RAIT Financial Trust (RAIT) is a real estate investment company. It owns over $2.3 billion in U.S. commercial real estate properties. But the company is a lender too. Its commercial real estate, mezzanine, preferred equity loans exceed $1.6 billion dollar. The company also manages two billion in real estate assets where it earns a property management fee. Unfortunate to its investors, RAIT ambitious operational scope has yet to translate to earnings.
Revenue increased in past three years by 12 percent. The company earned $324 million in 2015 compared to $247 million in 2013. The revenue composition is attributed to rental income (50 percent), interest income (30 percent), and the remaining income is fee-related. But the increase in revenue was artificial.
Debt obligations mushroomed by 66 percent. In 2014, RAIT carried $532 million of recourse debt obligations and $2.1 billion of nonrecourse loans for a total indebtedness of $2.6 billion. In 2015, it added both nonrecourse and rocourse loans for a total indebtedness of $3.4 billion.
Increase in operating expenses followed. Compared to 2014, operating expenses increased by 40 percent. Notably, interest expense increased to $84.3 million, from $55.4 million. And real estate operating expense increased to $109 million from $81.6 million the year prior.
Net earnings are in the red. Between 2013 and 2015, the company generated a revenue of $860 million, operating expense was $770 million and non-operating expense was $514 million. This non-operating expense is related to change in fair value of its derivatives position. Specifically, CDO notes payable and trust preferred obligation market value. Between 2013 and 2015, the company exhibited a net loss of $424 million.
But against conventional wisdom, RAIT appetite, to acquire assets, remains. Compared to 2014, its real estate portfolio increased by $895 million, a 30 percent increase. Its real estate under management increased by $645 million, an increase of 50 percent. And its commercial real estate loan portfolio increased by $293 million, an increase of 25 percent.

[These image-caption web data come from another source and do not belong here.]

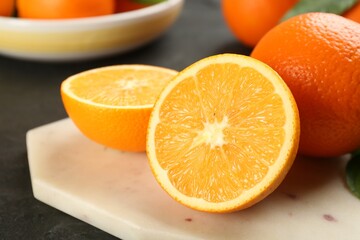 Delicious ripe oranges on white board, closeup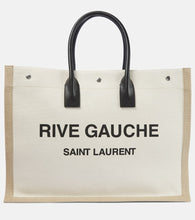 Saint Laurent Rive Gauche canvas tote. Shop Saint Laurent Tote Bags for women now.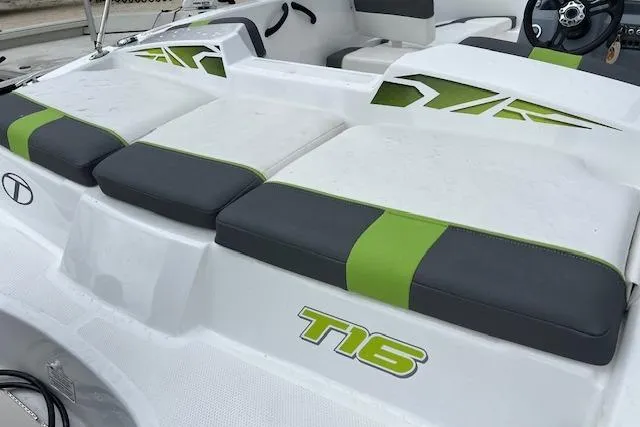 Slide: The Image of 2022 Tahoe T16 boat interior with green and gray seating accents. - 2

Three reasons may explain this irrational corporate behavior. First, borrowing in a pygmy interest rate environment may have enticed the company to purchase real estate. Second, the company blindly followed a frenzy expectation from shareholders to increase both revenue and Funds from operations. And mild success was achieved as three of the six analysts researching the company are positive about its future, note Marcus Daley and Heather Anthony of Franklin Independent News Corp, a media company. Third, acting as a lender, an investor, and a manager would confuse anyone. It may be time for RAIT Financial to scale down.